Employers in California have long understood that non-compete clauses (clauses specifically prohibiting an employee from working for a competitor after their termination) in employment agreements are generally unenforceable. This restriction is based on California Business and Professions Code Section 16600, which states that, “every contract by which anyone is restrained from engaging in a lawful profession, trade, or business of any kind is to that extent void,” and California’s “strong public policy of protecting the right of its citizens to pursue any lawful employment and enterprise of their choice.” See Dowell v. Biosense Webster, 179 Cal. App. 4th 564, 575 (2009).
While including a non-compete clause in an employment agreement can in itself risk liability for an employer, other restrictions on an employee’s conduct after their termination have been permissible, including non-solicitation clauses that prohibit former employees from “raiding” an employer’s workforce by reaching out to former coworkers to try to hire them at a new company. In November 2018, however, the California Court of Appeal for the Fourth District held that employee non-solicitation clauses are also invalid under Section 16600, and two courts in the Northern District of California have since agreed.
The courts in these cases followed the same logic as those that barred non-compete clauses - non-solicitation clauses limit employees’ job opportunities by creating fear among employees and employers that hiring employees from the same company may risk expensive litigation, even if intentional “raiding” had not occurred.

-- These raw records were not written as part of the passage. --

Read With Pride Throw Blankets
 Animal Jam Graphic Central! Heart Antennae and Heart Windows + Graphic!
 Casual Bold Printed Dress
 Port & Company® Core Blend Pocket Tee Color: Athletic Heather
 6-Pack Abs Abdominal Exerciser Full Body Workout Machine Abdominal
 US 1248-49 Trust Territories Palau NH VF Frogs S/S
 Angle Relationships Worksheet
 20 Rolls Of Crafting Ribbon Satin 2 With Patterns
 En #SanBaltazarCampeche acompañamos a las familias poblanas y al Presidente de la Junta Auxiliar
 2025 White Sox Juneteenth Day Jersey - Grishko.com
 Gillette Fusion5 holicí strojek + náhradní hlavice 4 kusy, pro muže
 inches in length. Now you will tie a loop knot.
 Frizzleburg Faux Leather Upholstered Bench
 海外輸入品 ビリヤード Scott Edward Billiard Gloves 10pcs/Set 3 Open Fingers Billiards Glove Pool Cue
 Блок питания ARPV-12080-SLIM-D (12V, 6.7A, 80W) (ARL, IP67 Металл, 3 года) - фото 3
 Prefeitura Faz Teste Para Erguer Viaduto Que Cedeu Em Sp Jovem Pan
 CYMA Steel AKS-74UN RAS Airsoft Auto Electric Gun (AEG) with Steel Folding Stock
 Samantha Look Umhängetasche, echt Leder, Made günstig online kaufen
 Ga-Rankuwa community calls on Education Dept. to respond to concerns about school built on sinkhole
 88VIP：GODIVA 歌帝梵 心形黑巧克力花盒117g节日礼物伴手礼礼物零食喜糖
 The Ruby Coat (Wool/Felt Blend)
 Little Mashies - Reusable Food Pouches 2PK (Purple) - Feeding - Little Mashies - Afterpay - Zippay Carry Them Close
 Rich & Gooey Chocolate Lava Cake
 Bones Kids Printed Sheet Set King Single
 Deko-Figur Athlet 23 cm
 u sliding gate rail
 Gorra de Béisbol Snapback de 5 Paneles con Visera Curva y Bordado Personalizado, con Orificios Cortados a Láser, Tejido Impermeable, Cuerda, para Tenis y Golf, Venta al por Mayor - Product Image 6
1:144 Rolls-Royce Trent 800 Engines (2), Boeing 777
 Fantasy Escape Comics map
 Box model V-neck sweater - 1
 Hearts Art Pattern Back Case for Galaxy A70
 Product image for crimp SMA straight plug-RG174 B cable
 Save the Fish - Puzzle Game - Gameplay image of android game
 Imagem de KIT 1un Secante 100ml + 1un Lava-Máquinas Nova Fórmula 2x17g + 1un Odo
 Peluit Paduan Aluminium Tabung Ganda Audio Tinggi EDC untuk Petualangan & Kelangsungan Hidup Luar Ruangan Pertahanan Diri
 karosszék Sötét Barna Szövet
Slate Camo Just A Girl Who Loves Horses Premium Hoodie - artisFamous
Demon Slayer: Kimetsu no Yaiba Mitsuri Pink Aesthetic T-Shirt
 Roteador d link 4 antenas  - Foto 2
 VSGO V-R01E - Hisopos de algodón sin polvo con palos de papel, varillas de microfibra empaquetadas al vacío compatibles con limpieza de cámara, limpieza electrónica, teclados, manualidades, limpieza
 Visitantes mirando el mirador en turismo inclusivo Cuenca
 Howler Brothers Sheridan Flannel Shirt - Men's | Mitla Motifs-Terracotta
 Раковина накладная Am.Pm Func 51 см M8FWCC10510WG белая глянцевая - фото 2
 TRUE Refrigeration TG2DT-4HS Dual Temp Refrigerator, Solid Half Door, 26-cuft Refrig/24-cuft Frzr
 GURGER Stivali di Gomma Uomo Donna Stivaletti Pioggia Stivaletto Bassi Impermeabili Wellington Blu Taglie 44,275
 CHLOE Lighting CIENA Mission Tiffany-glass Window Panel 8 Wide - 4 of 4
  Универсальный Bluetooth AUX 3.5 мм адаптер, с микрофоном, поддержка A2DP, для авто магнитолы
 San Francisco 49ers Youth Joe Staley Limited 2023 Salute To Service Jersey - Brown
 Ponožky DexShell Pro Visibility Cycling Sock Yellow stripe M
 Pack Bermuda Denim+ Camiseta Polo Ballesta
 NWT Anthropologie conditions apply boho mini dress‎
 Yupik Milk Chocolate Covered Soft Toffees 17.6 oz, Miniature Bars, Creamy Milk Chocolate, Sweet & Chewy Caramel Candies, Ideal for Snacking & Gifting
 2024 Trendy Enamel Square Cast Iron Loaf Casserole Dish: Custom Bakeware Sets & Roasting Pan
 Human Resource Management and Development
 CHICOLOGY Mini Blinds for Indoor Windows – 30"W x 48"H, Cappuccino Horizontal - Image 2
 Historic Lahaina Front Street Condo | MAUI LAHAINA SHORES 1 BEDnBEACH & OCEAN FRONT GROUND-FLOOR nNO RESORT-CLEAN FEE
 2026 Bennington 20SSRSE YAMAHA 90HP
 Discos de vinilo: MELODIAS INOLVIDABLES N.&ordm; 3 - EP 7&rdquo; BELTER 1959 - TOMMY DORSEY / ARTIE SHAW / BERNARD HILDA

As a result, non-solicitation clauses are now also both unenforceable and grounds for attorney fee awards, and employers should consult legal counsel before including such provisions in an employment agreement.
Employers still have the right to protect their trade secrets and confidential information from use and disclosure by former employees, so employment agreements should be properly drafted to restrict employees’ post-termination actions to protect these assets. However, if employers simply don’t want employees to leave, the employers need to provide incentives to stay, rather than unenforceable restraints on their employees’ job mobility.